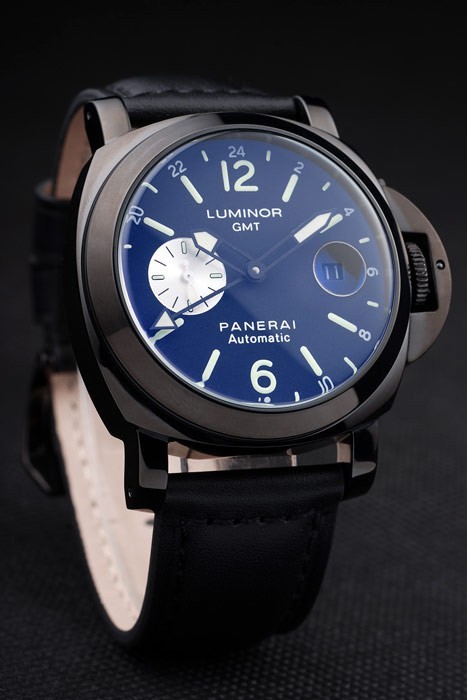 Panerai Luminor Alta C pia R plicas Rel gios 4526 Replicas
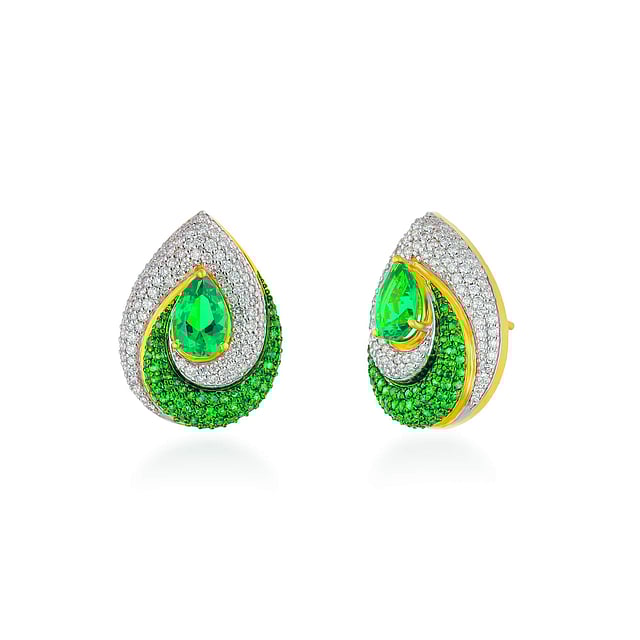 <em>Irasva Fine Jewellery</em>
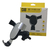 Soporte Para Auto Para El Aire Car Cz029 PREMIUM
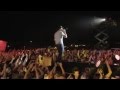 Together- 2015 ACM Awards - YouTube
· · · · ·
> **TASK DESCRIPTION**:
Return an exact copy of the data above, apart from any pictures.

> **YOUR RESPONSE**:
 Panerai Luminor Alta C pia R plicas Rel gios 4526 Replicas
 <em>Irasva Fine Jewellery</em>
 Soporte Para Auto Para El Aire Car Cz029 PREMIUM
 Together- 2015 ACM Awards - YouTube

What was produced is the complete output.